Unlike conventional planar transistors that lay flat, tri-gate transistors use a three-dimensional fin that stands vertically from the silicon substrate. Orienting the transistors upright presents several benefits. For starters, Intel can cram more transistors into less space, which will be incredibly valuable as fabrication tech shrinks to 22nm and beyond.
In addition to doubling transistor density, the new design exposes three sides of the transistor to a gate instead of one. Transistors carry an electrical signal while gates control that flow by turning the current on and off. By increasing the surface area of the transistor that is touching the gate, it gains additional control over the flow of electricity.

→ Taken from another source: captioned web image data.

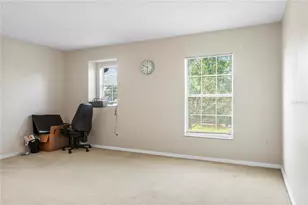 4071 Flowering Peach Ln, Saint Cloud, FL 34772 - Photo 28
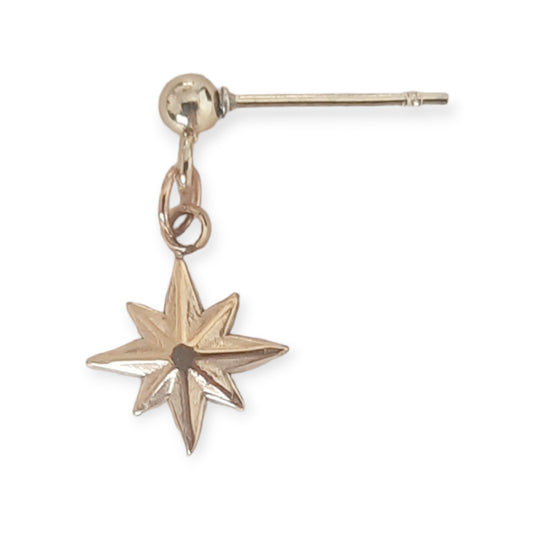 Uhani North star
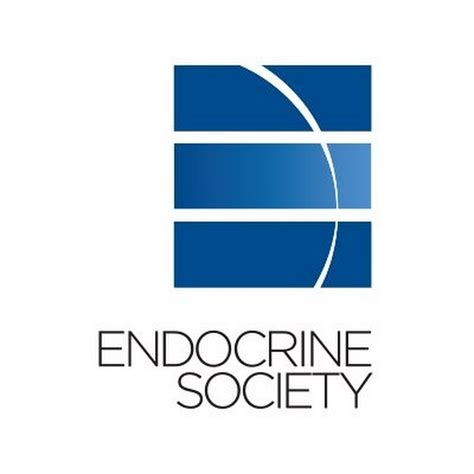 Endocrine society. Things To Know About Endocrine society. 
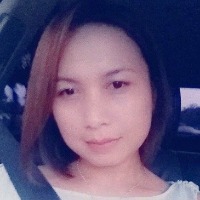 seller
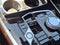 2025 BMW X7 M60i Sports Activity Vehicle
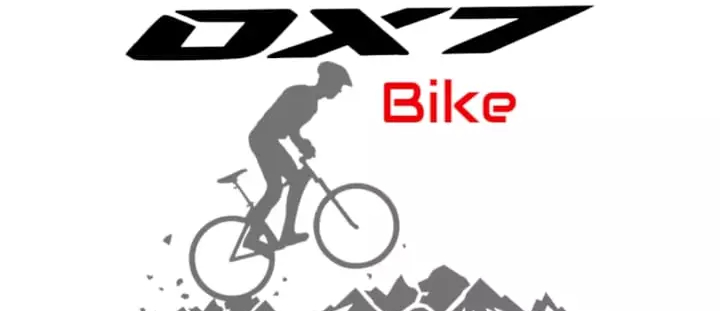 Produk OX7 BIKE INDONESIA | Shopee Indonesia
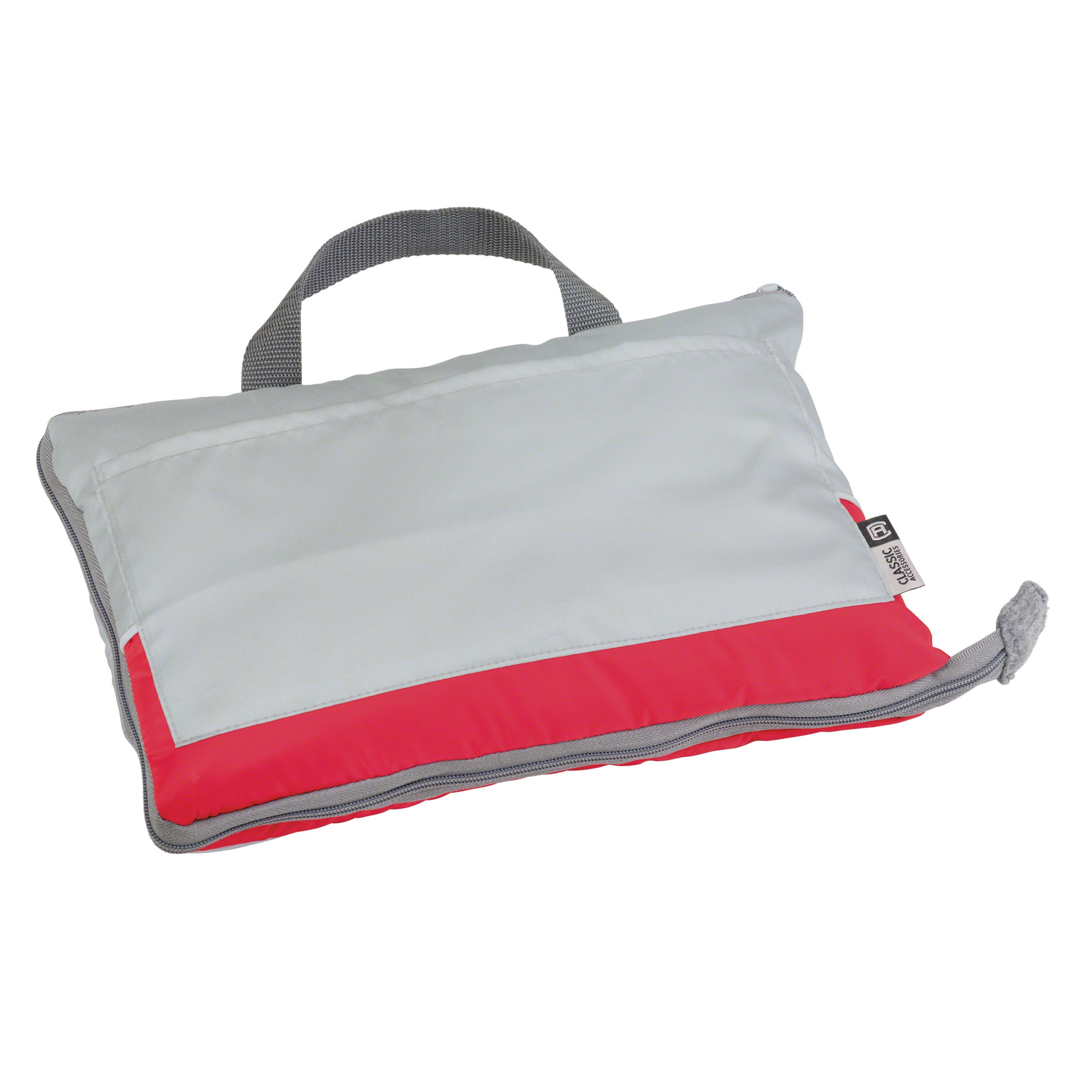Classic Accessories Fairway Golf Cart Seat Blanket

The video above does an excellent job of breaking things down. All you really need to know is that the company expects 22nm chips with tri-gate transistors to reduce power consumption by more than 50% with 37% more performance than Intel's existing 32nm technology. New 22nm tri-gate wafers should be cheaper to produce, as well.
"The performance gains and power savings of Intel's unique 3-D Tri-Gate transistors are like nothing we've seen before," said Intel's Mark Bohr. "This milestone is going further than simply keeping up with Moore's Law…We believe this breakthrough will extend Intel's lead even further over the rest of the semiconductor industry," Bohr continued.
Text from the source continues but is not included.